И еще, господин Секретарь: гибель человечества впервые отчетливо НАЗВАНА и однозначно ЛОКАЛИЗОВАНА. Впервые будущее цивилизации зависит от ОДНОЙ-ЕДИНСТВЕННОЙ личности. Еще никогда столь роковая разрушительная сила не была сосредоточена в одних руках.
Все исторические личности, воплощавшие гений зла (а история, в общем, сохранила память лишь о них), – всего лишь наивные паяцы в сравнении с пишущим эти строчки. Ибо они могли изменить что-либо лишь в определенных географических границах, и по времени их деятельность соизмерима с длительностью человеческой жизни, тогда как я, Альфред Медухов, могу одним ударом и без каких бы то ни было шансов на спасение сбить ВСЕ кегли цивилизации и рода человеческого, все кегли нашего, ставшего УЖЕ непристойным заигрывания с Природой.
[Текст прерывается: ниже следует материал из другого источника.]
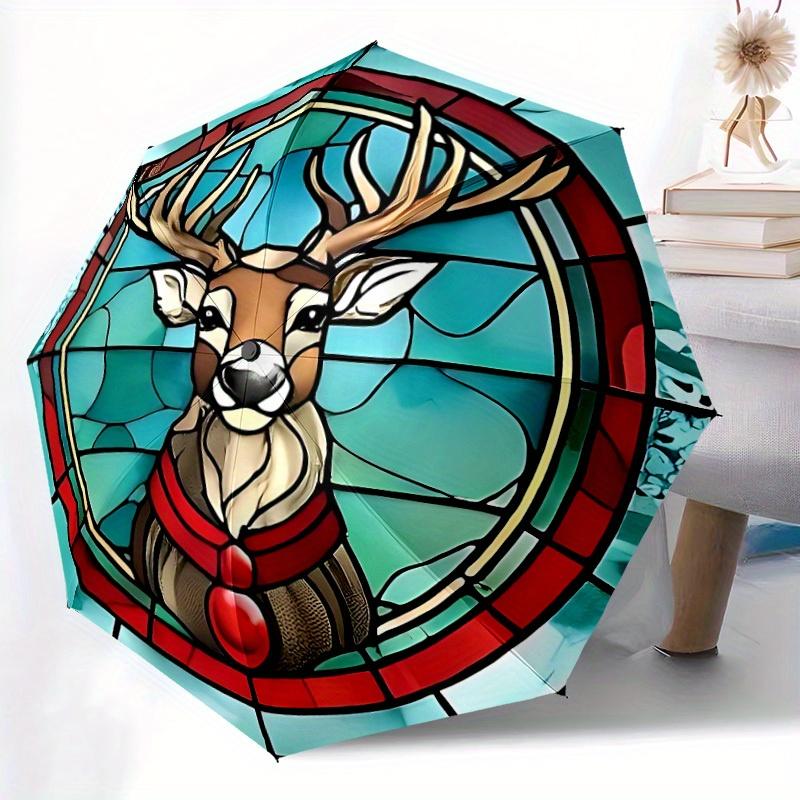 1pc Stained Deer Automatic Open/Close Umbrella, Portable Folding Umbrella for Everyday Use Yy250826058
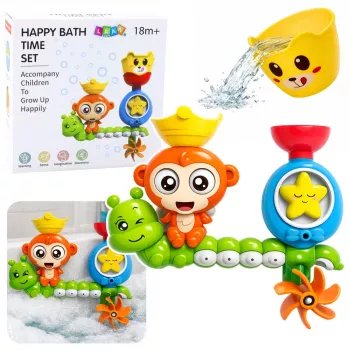 LEAN TOYS Water Bath Toy Monkey Caterpillar Cup Suction Cups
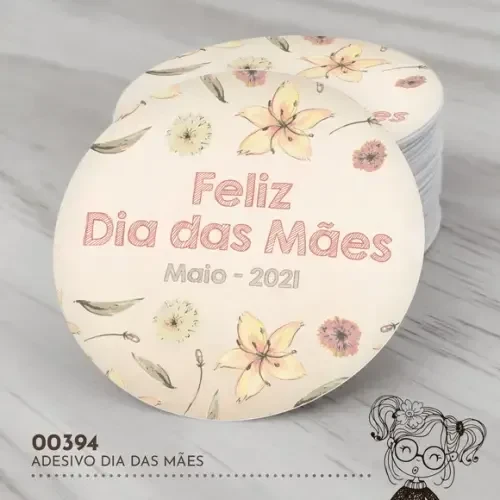 Adesivo Redondo Dia das Mães - 00394
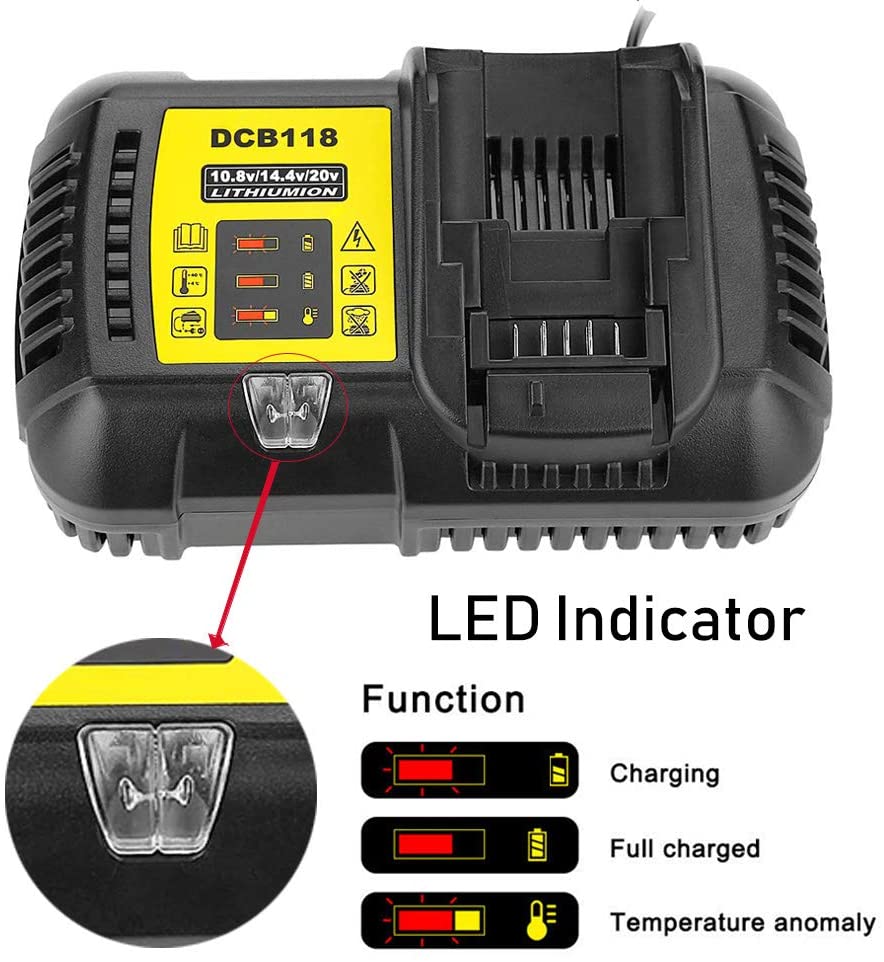 4.5a dcb 118 încărcător de baterie pentru baterie dewalt 10.8v 12v 14.4v 18v 20v dcb 200 dcb 101 dcb 115 dcb 107 dcb 105 dcb 140 &amp;dcb 112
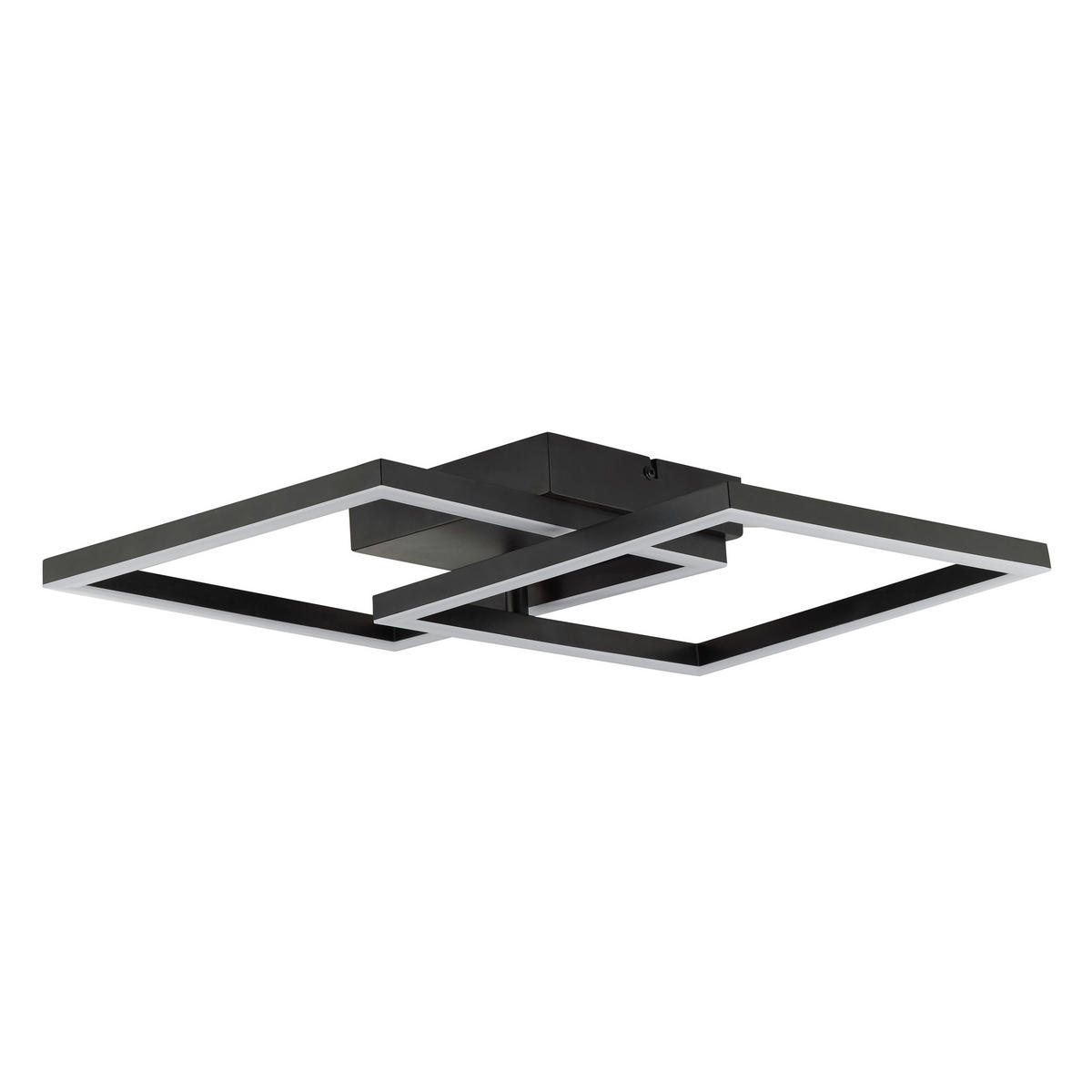 LED DECKENLEUCHTE Kaleo Schwarz 40,5/40,5/8 cm - Schwarz, Metall (40.5/40.5/8cm) - Brilliant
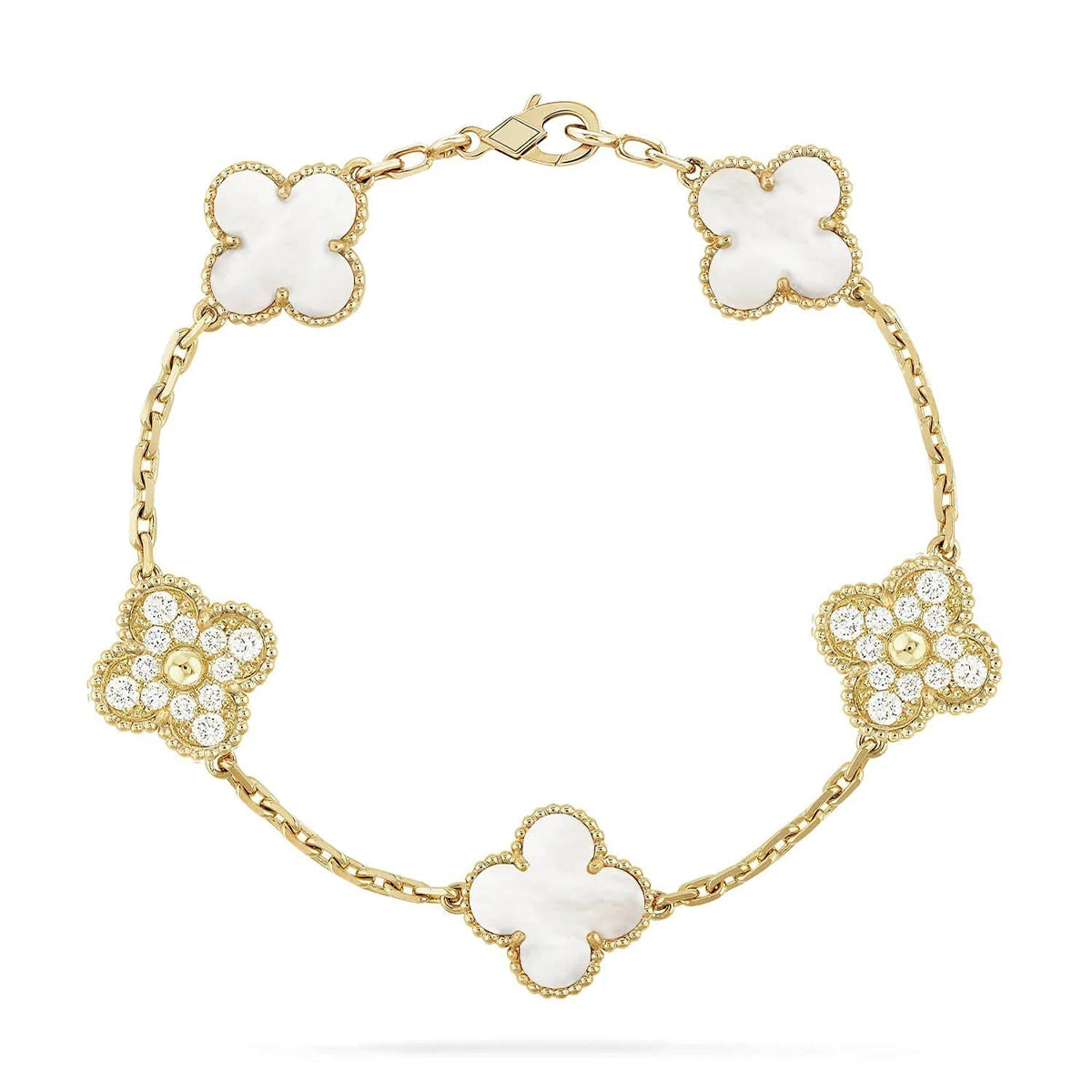 [VA]LUCKY CLOVER 5-MOTIF BRACELET - WHITE MOTHER-OF-PEARL COLLECTION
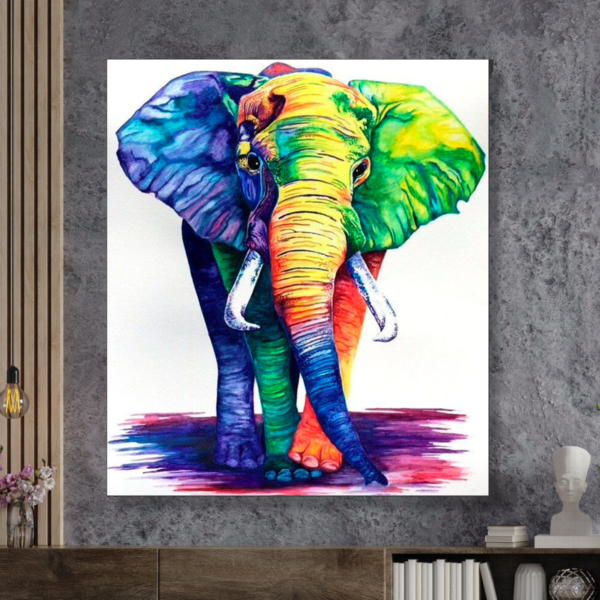 cuadro elefante colorido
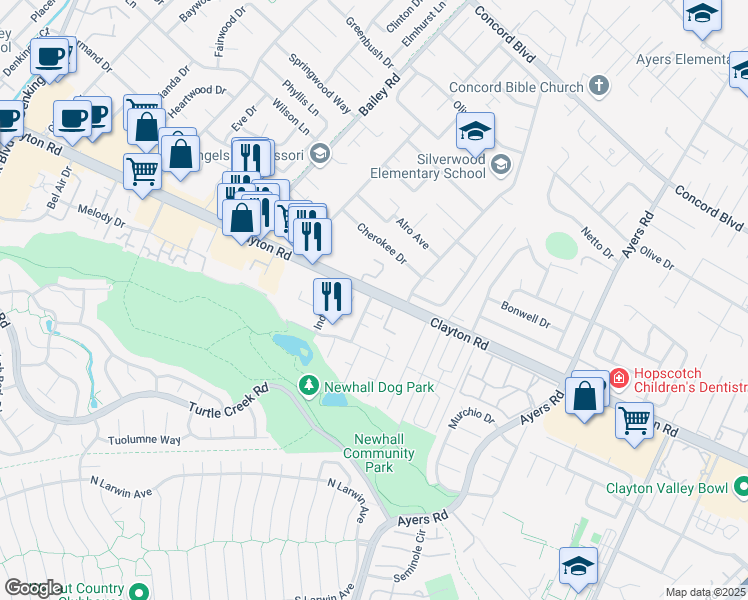 map of restaurants, bars, coffee shops, grocery stores, and more near 4860 Clayton Road in Concord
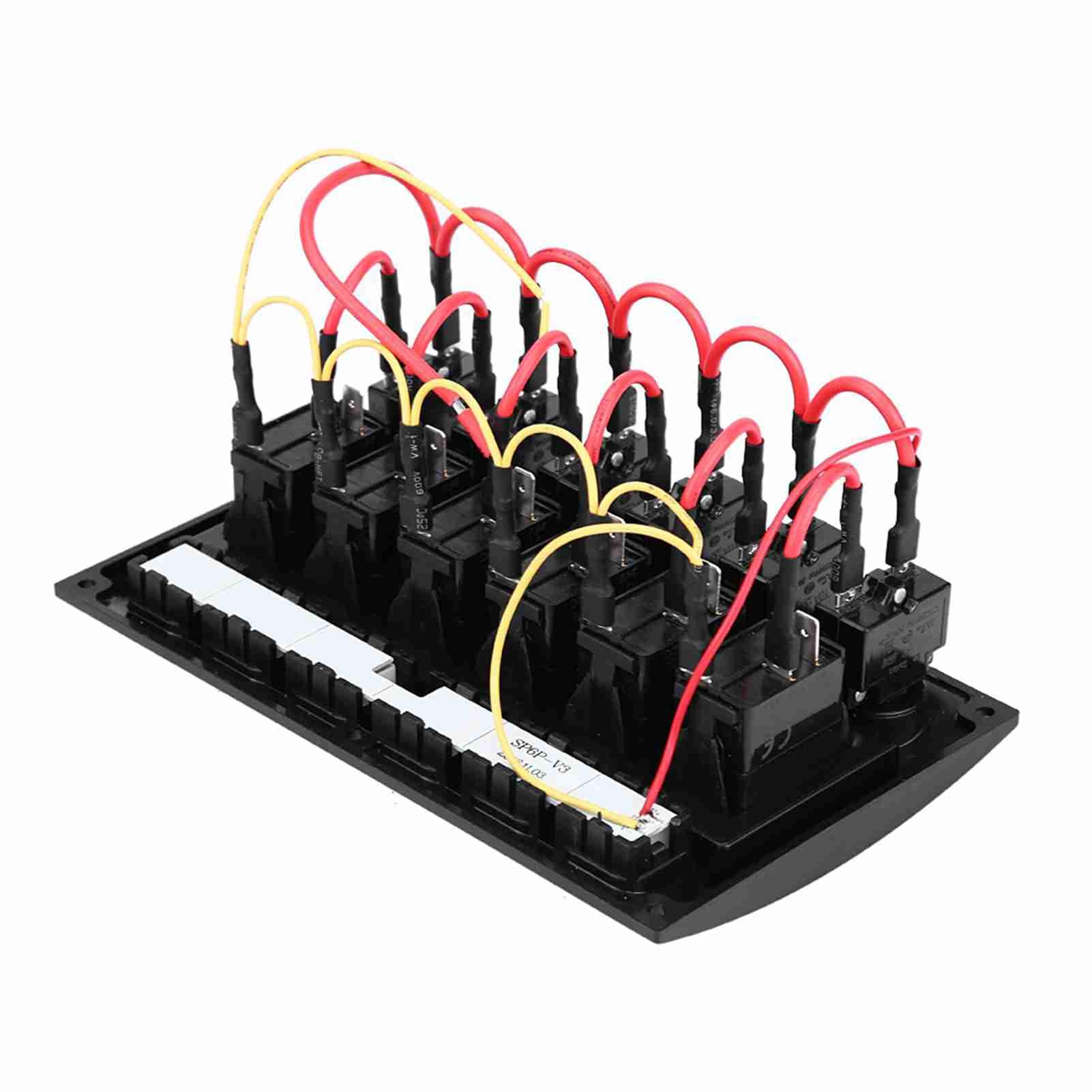 KIMISS Panel przełączników On/Off 6P z diodą LED dla samochodu, łodzi, kampera – 12/24V z wyłącznikiem bezpieczeństwa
И все это достойное богов могущество сосредоточено в руках одного-единственного идиота, господин Секретарь.
– Ты спишь, Антония?
– Знаешь ведь, давление, как всегда, не дает заснуть. Голова гудит, гудит…
– Может, поговорим?
– Лучше бы помолчать, но раз уж тебе так хочется…
– Да, нам надо поговорить. Я обязательно должен поговорить с тобой, Антония. Рассказать тебе уйму невероятных вещей. Мне даже страшно начинать разговор об этом. Ведь я все время слежу за Мортилией.
– Я заметила. Зачем ты это делаешь, Альфред?
– Слежу за ее поведением, жестами, примечаю все. И страшно мучаюсь, Антония. Знаю, что это не нормально. Теперь уже она и сама это видит – и смотрит на меня с укором. Будто хочет сказать мне: папочка, оставь же меня, наконец, в покое! Я приезжаю сюда отдохнуть, а ты ходишь за мной по пятам, словно сыщик.